The article in the Morbidity and Mortality Weekly Report pointed out, “By August 31, 2022, Asian children and adolescents had substantially higher coverage than did all other children and adolescents overall and when stratified by factors associated with lower coverage for all children and adolescents, indicating a willingness across demographic and behavioral characteristics in this population to receive vaccination.”

The authors from the CDC added that from July 1, 2022, to September 30, 2022, most children and adolescents who initiated a primary COVID-19 vaccination series also completed the primary series, “an encouraging sign of COVID-19 vaccine access and acceptance among parents who intend to vaccinate, but efforts are needed to achieve much higher coverage levels for all children and adolescents.”

The CDC said it embarked on the study in hopes of improving vaccination rates. “Frequent mask use in public and receipt of influenza vaccine were associated with higher COVID-19 vaccination coverage among all children and adolescents; however, among black and Hispanic children and adolescents with these characteristics, the increase in coverage was smaller,” the researchers explained. “Less than one-half of parents of black and Hispanic children and adolescents had confidence in COVID-19 vaccine safety, which might indicate reluctance to be vaccinated among a population receptive to other public health behaviors.”

During the time period studies, public health officials noted that large proportions of Hispanic and black children and adolescents were unvaccinated. With 26% and 29% vaccination rates, however, more young people were considered reachable “suggesting that coverage might increase over time with strengthened public health interventions.”

At the same time, the CDC authors pointed out, “A higher proportion of parents of other/multiple race and white children and adolescents were reluctant to vaccinate their child (36% and 40%, respectively) than were considered reachable (15%), suggesting potential difficulty achieving high vaccination coverage among these children and adolescents.”

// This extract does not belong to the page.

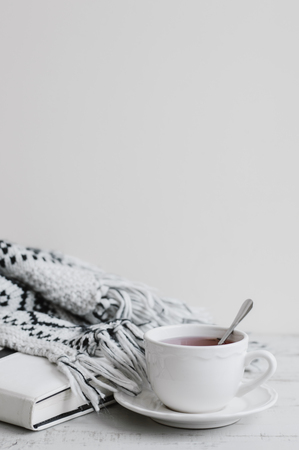Vertical background with white cup of red tea, book and knitted blanket on wooden table, copy space. Hygge concept. Tea breakの写真素材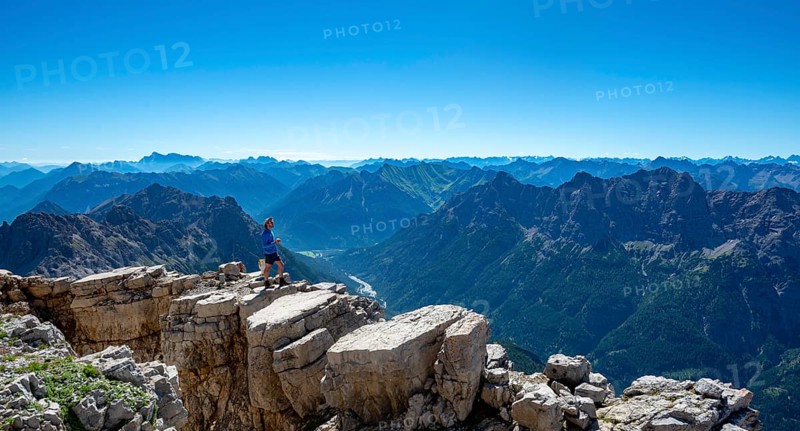 Hiker standing on rocks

The article concluded that vaccination coverage could be increased if community members act as trusted messengers to advocate for vaccination among parents of unvaccinated children and adolescents, emphasizing confidence in vaccine safety and importance. In addition, it adds, “Provider recommendation is an impactful driver of vaccination. A multifaceted approach with community collaboration and provider recommendation are essential to increasing childhood COVID-19 vaccination coverage.”